Wadi al-Hujeir (وادي الحجير) is a valley and nature reserve in Jabal Amil, across the Nabatieh, Bint Jbeil and Marjeyoun districts of Southern Lebanon.

The valley holds a strategic value in the Israeli–Lebanese conflict. In the 2006 war, it was labeled the "Merkava graveyard", as Hezbollah destroyed 39 Israeli tanks in the area.

Wadi al-Hujeir was announced a nature reserve by law in 2010, over an area of 26 km^{2}. It is characterized by the presence of ancient olive trees, with some as old as 300 years, Valonia oak forests, as well as an emerging carob plantation.

== History ==

=== 1920 conference ===
In the wake of the French occupation of Lebanon and Syria in 1920, a conference of anti-French revolutionaries, led by Abd al-Husayn Sharaf al-Din, was held in Wadi al-Hujeir. The conference called for resistance against the French colonial forces and participation in the Arab Revolt. Sharaf al-Din also emphasized the importance of unity and respect between Christians and Muslims.

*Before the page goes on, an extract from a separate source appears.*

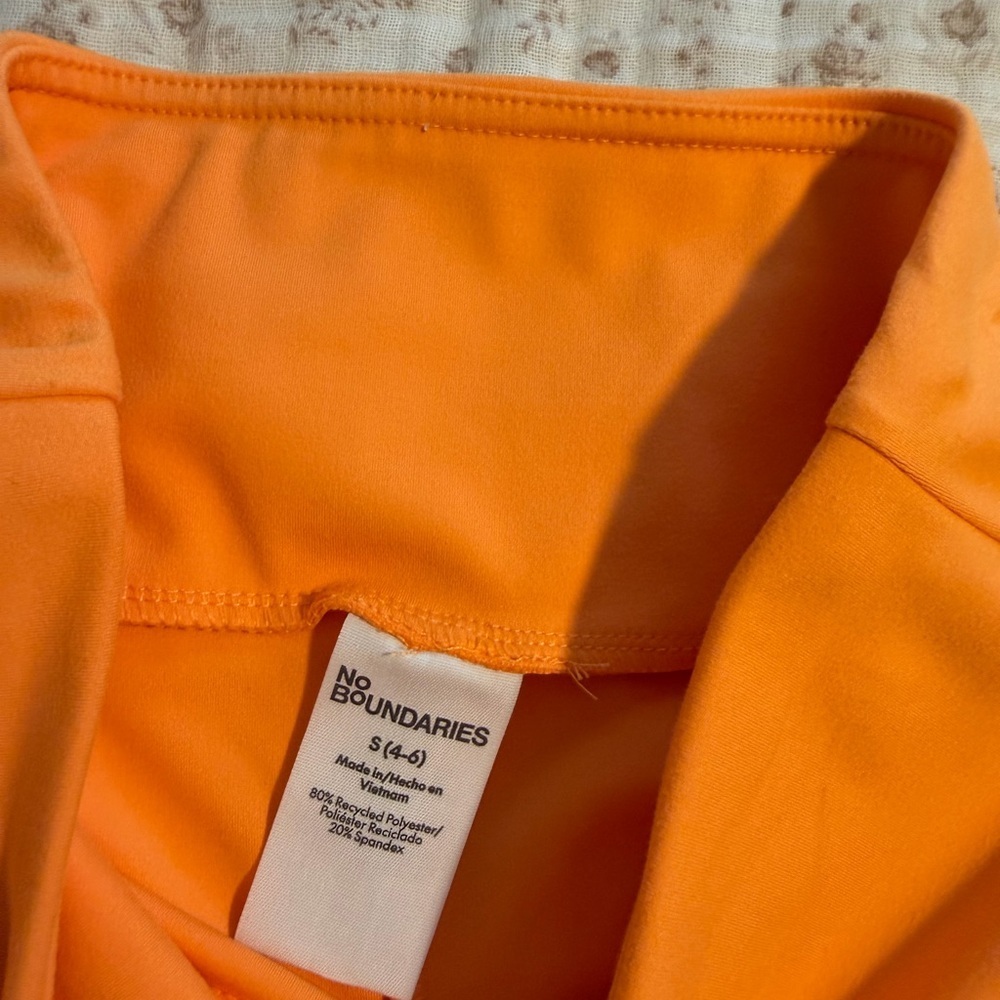 No Boundaries Green & Orange ruched Bike Short - Picture 4 of 11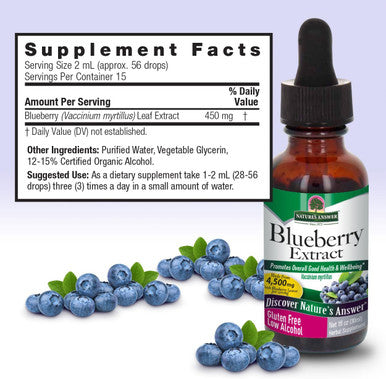 Nature'S Answer Blueberry Leaf with Organic Low Alcohol 1 Fluid Ounce | Overall Wellness Support | Healthy Eye Support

=== Israel–Hezbollah conflict ===
In the final days of the 2006 war, a battle was fought across the Saluki stream and Wadi al-Hujeir, as part of Operation Change of Direction 11. Hezbollah halted the advance of Israeli troops towards the Litani river. The IDF suffered 33 deaths, several dozens of injured soldiers in addition to the destruction of several Merkava tanks.